Canadian Forest Service Publications

Facilitating knowledge transfer between researchers and wildfire practitioners about trust: an international case study. 2016. McGee, T.K.; Curtis, A.; McFarlane, B.L.; Shindler, B.; Christianson, A.; Olsen, C.; McCaffrey, S. The Forestry Chronicle 92(2):167-171.

Year: 2016

Issued by: Northern Forestry Centre

Catalog ID: 37172

Language: English

Availability: PDF (request by e-mail)

Available from the Journal's Web site.
DOI: 10.5558/tfc2016-035

† This site may require a fee

Mark record


The importance of knowledge transfer between researchers, policy makers and practitioners is widely recognized. However, barriers to knowledge transfer can make it difficult for practitioners to apply the results of scientific research. This paper describes a project that addressed barriers to knowledge transfer by involving wildfire management practitioners from three countries in developing a trust planning guide. The guide provides information about trust, factors that influence trust and actions that can be taken to build trust in the context of wildfire management. The researchers synthesized academic research into a draft trust planning guide. Wildfire management practitioners and stakeholders provided feedback about the guide and discussed their own experiences in building trust in a workshop setting. The researchers incorporated valuable feedback from the workshops into the final trust planning guide.
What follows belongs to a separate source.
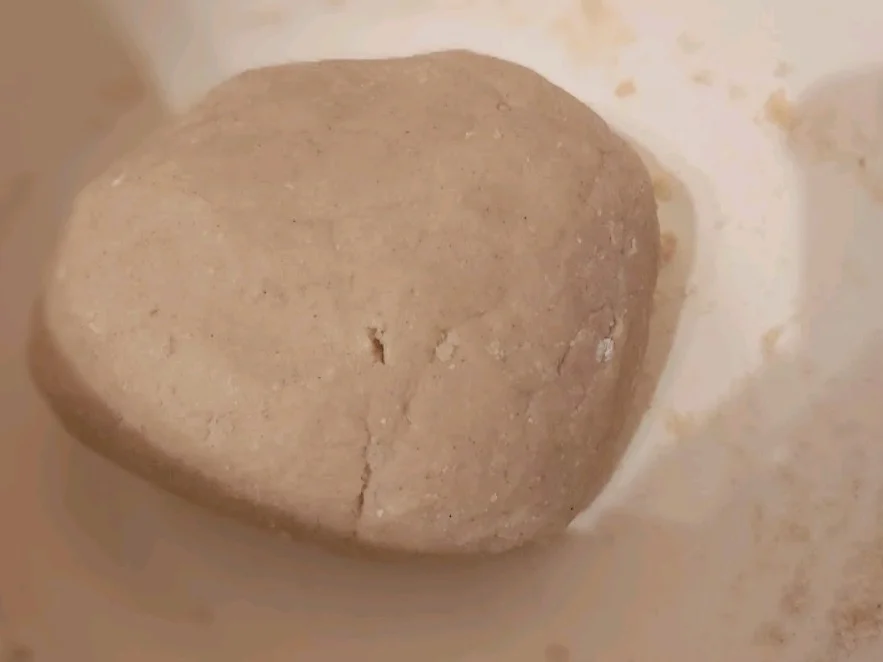 Zimt-Waffel-Plätzchen zur kochbar Challenge Dezember 2022 - Rezept - Bild Nr. 6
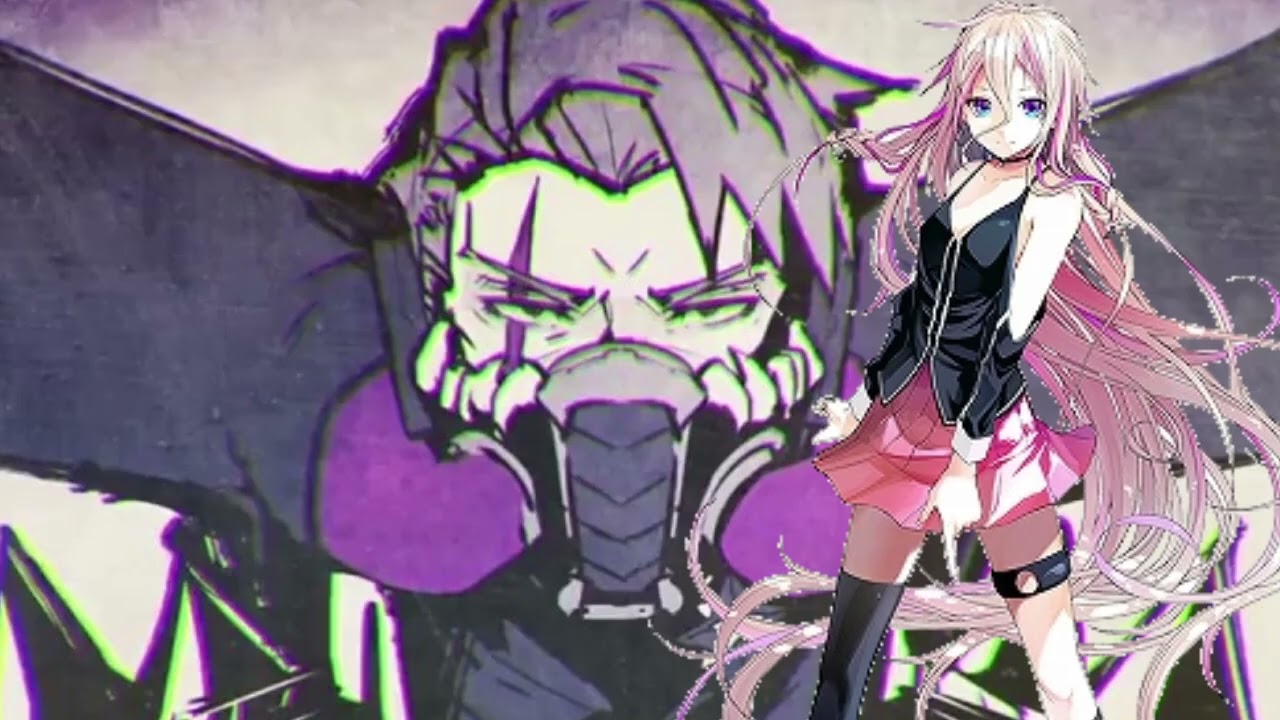 グラーヴェ/IA/VOCALOID6COVER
Benefits and challenges of this process are discussed, and the authors provide recommendations for researchers and funding agencies to facilitate the uptake of research by end-users.

Plain Language Summary

Wildfires around the world have caused loss of life and destruction of homes and communities in recent years. In response, management agencies are putting more emphasis on shared responsibility and partnerships with stakeholders and communities for wildfire protection. Stakeholder trust in management agencies is a key factor in building partnerships and delivering effective wildfire protection programs. This paper presents findings from a study that used an innovative approach to improve the uptake of science related to trust and fire management in diverse contexts. The project developed a trust planning guide by synthesizing literature on trust and trust building, and integrating it with on-the-ground experiences of fire management practitioners and stakeholders in Australia, Canada, and the United States. Incorporating practitioners’ and stakeholders’ experiences and knowledge provided insights on the barriers that limit knowledge transfer from researchers to end users and the importance of trust in fire management in different contexts.